Question

A particular solenoid (50 cm long with 2,000 turns of wire) has a current of 0.70 A and is in the void. An electron is fired at an angle of 10 from the axis of the solenoid from a point on the same axis. a) What should be the speed of the electron so that it just does not hit the inside of the solenoid of 16 cm in diameter? b) What will be the passage of the helical trajectory of the electron

Answer 1

(a) The magnitude of magnetic field inside the solenoid which is acting along the axis of the solenoid (50 cm long with 2,000 turns of wire) has a current of 0.70 A is B (say).
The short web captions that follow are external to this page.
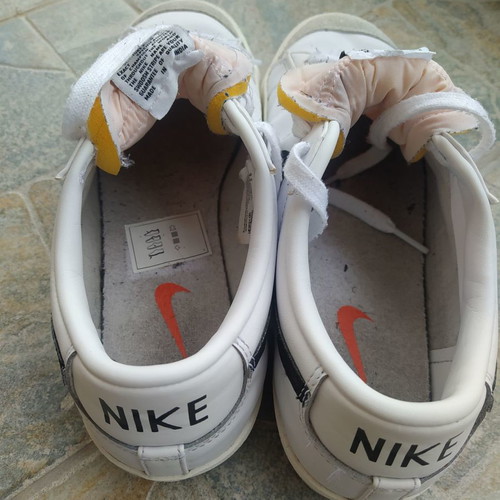 Nike athletic shoes used, size 43, white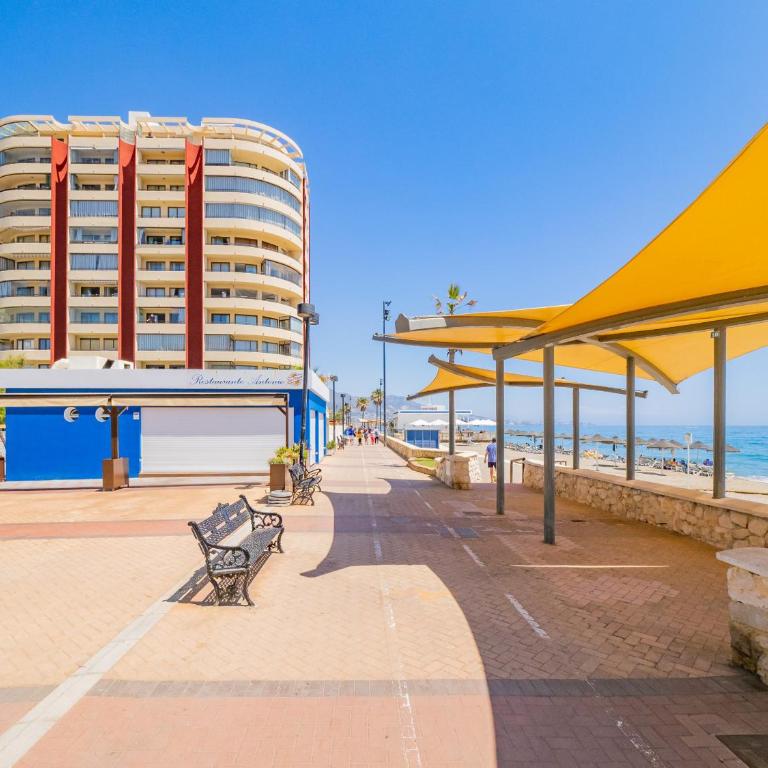 Cubo's Apartment Front Line Beach Fuengirola - Apartment - 9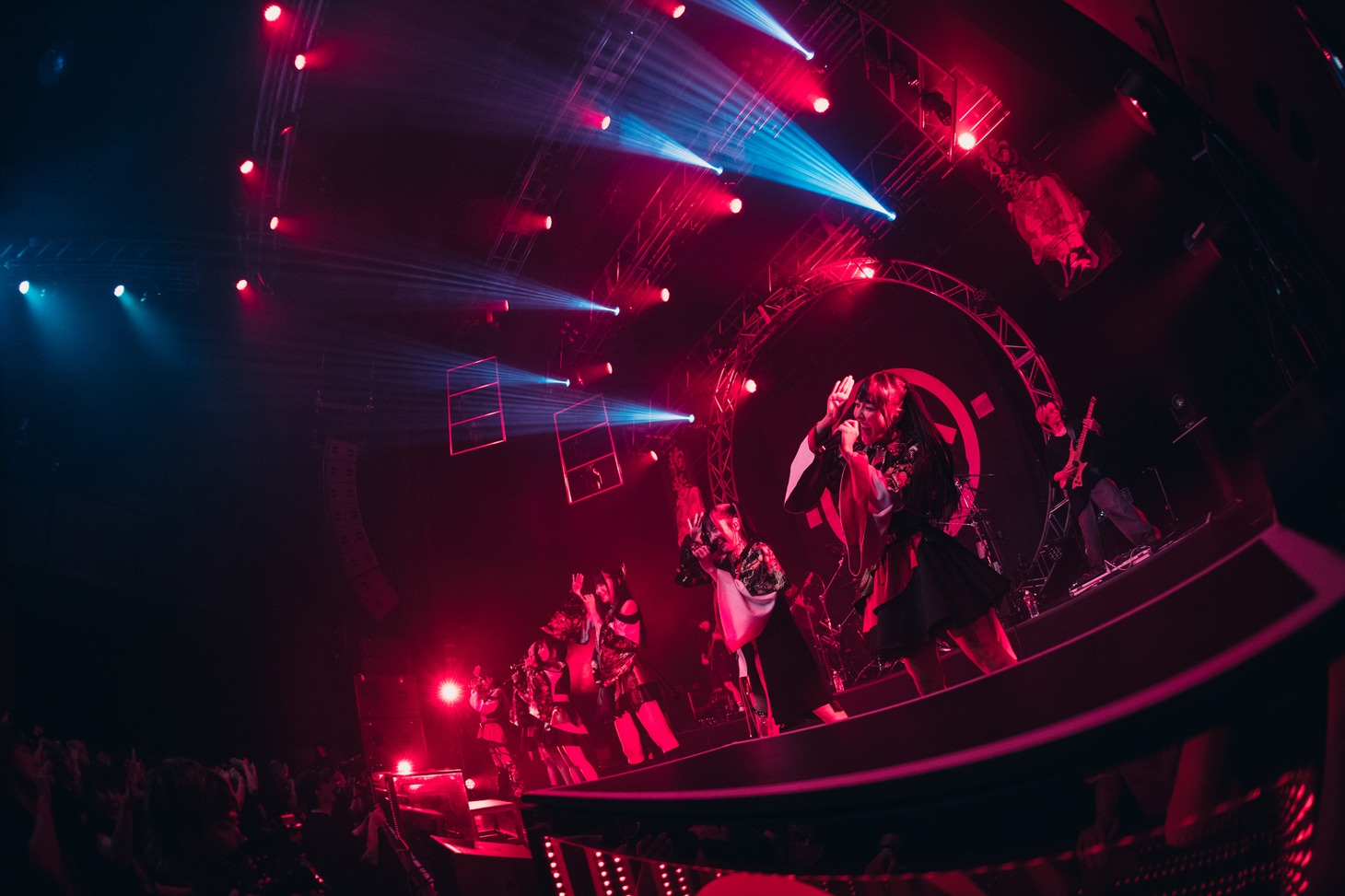 「INUWASI BAND SET LIVE TOUR 2025〝狗鷲廻閃〟」の様子。（撮影：真島洸）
$B=\mu _{0}\left ( \frac{N}{l} \right )I=4\pi \times 10^{-7}\left ( \frac{2000}{0.5} \right )\times 0.70=3.518\ mT$

An electron is fired with a velocity of v at an angle of 10 from the axis of the solenoid from a point on the same axis. Then the component of velocity along the axis will be (v. cos 10) and perpendicular to it is (v. sin 10). It will make a helical path around the magnetic field direction. If it just does not hit the inside of the solenoid of 16 cm in diameter, then the radius of the helix (r) should be 8 cm. For a electron of charge e and mass m, the centrifugal force will be equal to the magnetic force.

$e\left ( v\sin 10^{o} \right )B=\frac{m\left ( v\sin 10^{o} \right )^{2}}{r}$

$\therefore v=\frac{eBr}{m\sin 10^{o}}=\frac{1.6\times 10^{-19}\times3.518\times 10^{-3} \times0.08}{9.1\times 10^{-31}\times \sin 10^{o}}=2.85\times 10^{8}\ m/s$

(b) The pitch of the helical path (p) can be written as

$p=T\left ( v\cos 10^{o} \right )=\frac{2\pi r}{eB}\left ( v\cos 10^{o} \right )$

$\therefore p=\frac{2\pi \times 0.08}{1.6\times 10^{-19}\times 3.518\times 10^{-3}}\left ( 2.85\times 10^{8}\times \cos 10^{o} \right )=4.42\times 10^{28}\ m$

The pitch is very high compared to the length of the solenoid. Therefore, it will eject from the solenoid from the circumference of the solenoid with rotating one full circle.